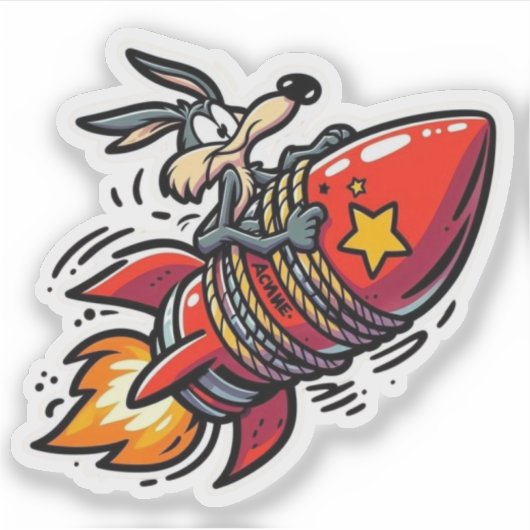 Funny Cartoon Wolf on Rocket Sticker - Retro Acme  シール (正面)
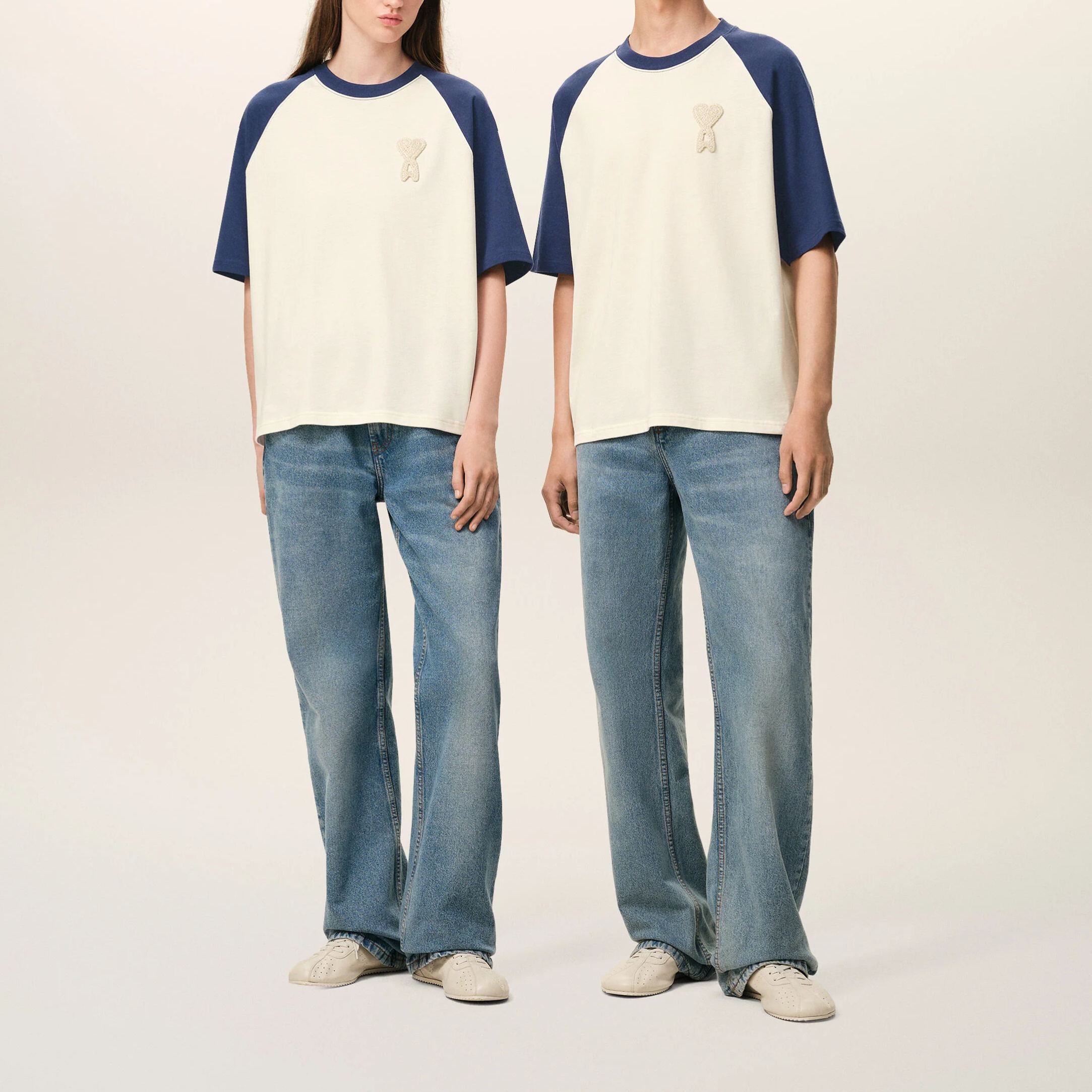 ホワイト＆ブルー コットン Ami De Coeur ニットパッチ Tシャツ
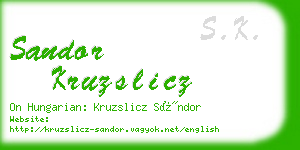 sandor kruzslicz business card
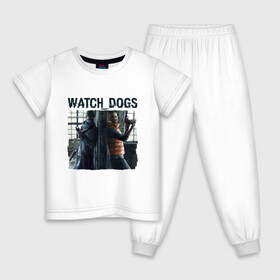 Детская пижама хлопок с принтом Watch dogs (Z) в Санкт-Петербурге, 100% хлопок |  брюки и футболка прямого кроя, без карманов, на брюках мягкая резинка на поясе и по низу штанин
 | Тематика изображения на принте: black viceroys | ubisoft montreal | watch dogs | watchdogs | watch_dogs | взлом | делфорд уэйд | дефолт | джей би | джей би маркович | дэмиен брэнкс | клара лилл | куинн | лаки | лис | мститель | пирс | рэймонд кинни | сторожевые п
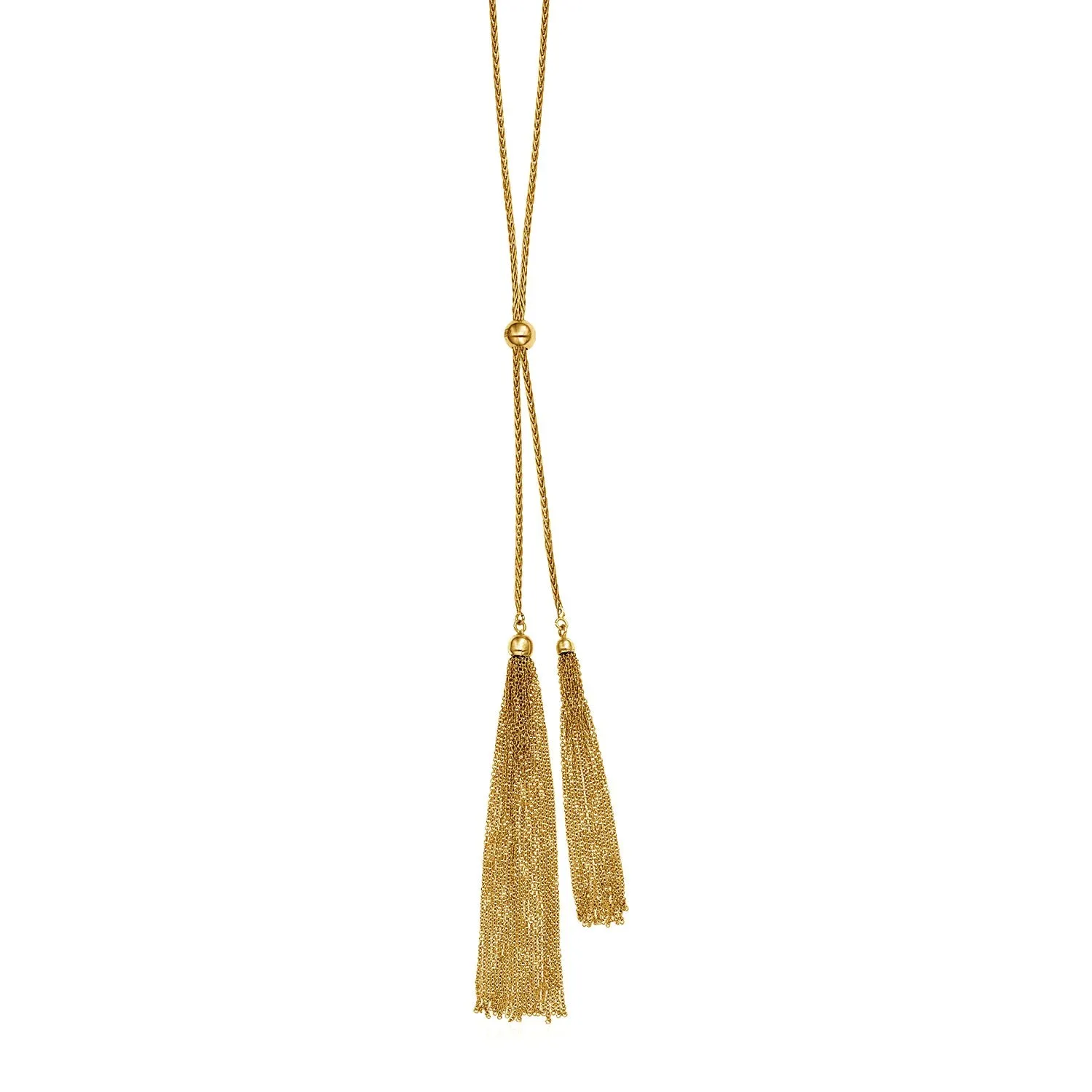 14k Yellow Gold 28 inch Lariat Style Tassel Necklacerx33995-28-rx33995-28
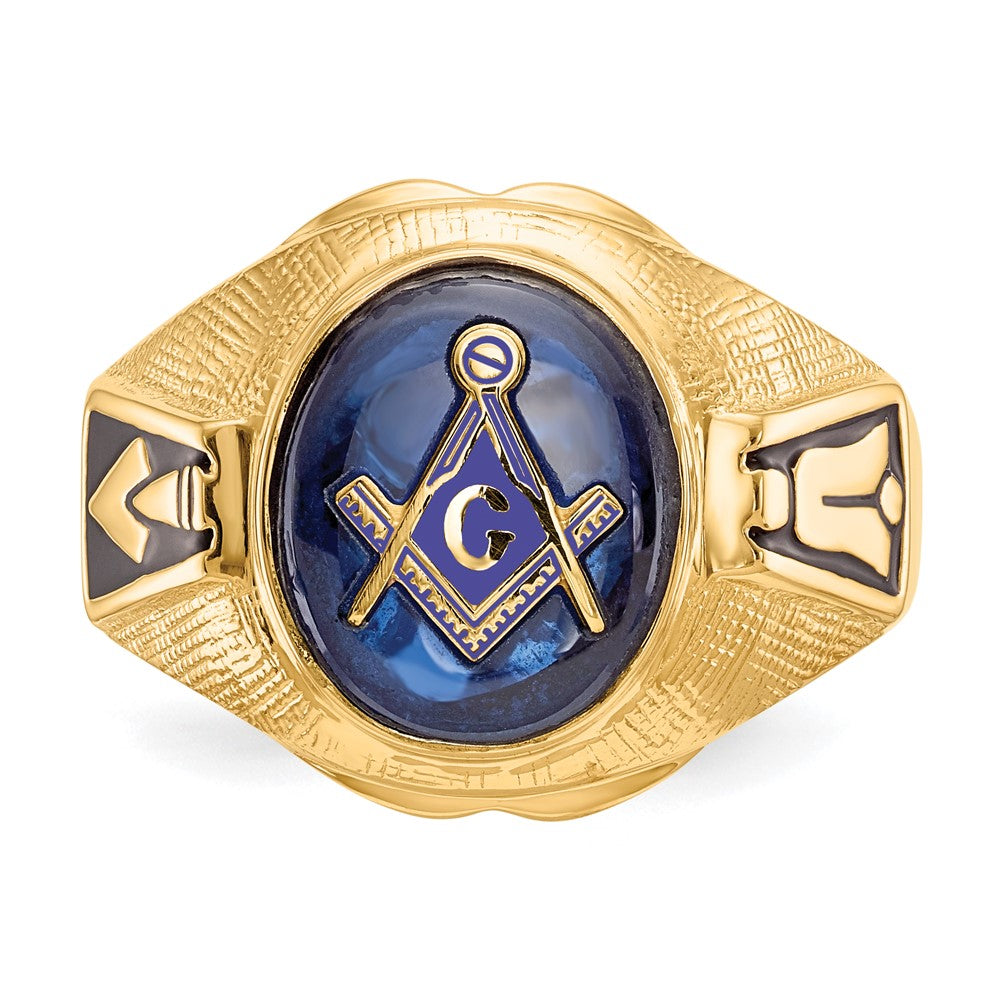 High-Quality Men's 14K Gold Masonic Ring with Blue Spinel - Stylish Value!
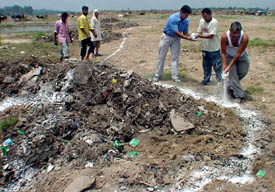 Following protests by residents of Dadu Majra village, the Chandigarh Administration started work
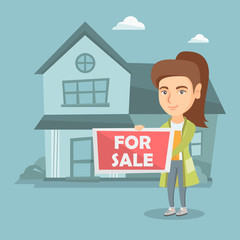 Young caucasian broker offering the house for sale. Broker with placard for sale and documents in hands standing on the background of house for sale. Vector cartoon illustration. Square layout.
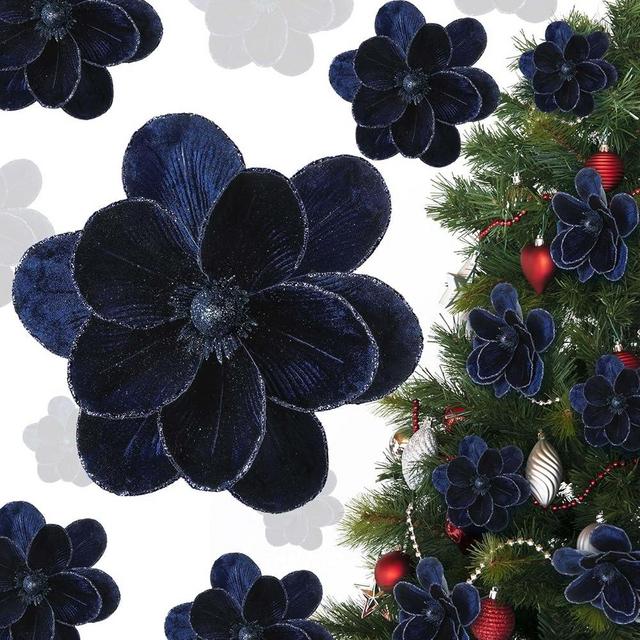 Craftsatin 12 Pcs Large Velvet Christmas Poinsettia Magnolia Flowers Ornaments Glitter Big Heads Artificial Magnolia Flowers for Decoration Wedding Decor Supplies(Dark Blue)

____

- YOUR TASK -
Output exactly those lines of the data above that run from the line with "ホワイト＆ブルー コットン Ami De Coeur ニットパッチ Tシャツ" up to and including the line with "Детская пижама хлопок". No pictures go in.

- RESPONSE BELOW -
 ホワイト＆ブルー コットン Ami De Coeur ニットパッチ Tシャツ
 sandor kruzslicz business card
 Детская пижама хлопок с принтом Watch dogs (Z) в Санкт-Петербурге, 100% хлопок |  брюки и футболка прямого кроя, без карманов, на брюках мягкая резинка на поясе и по низу штанин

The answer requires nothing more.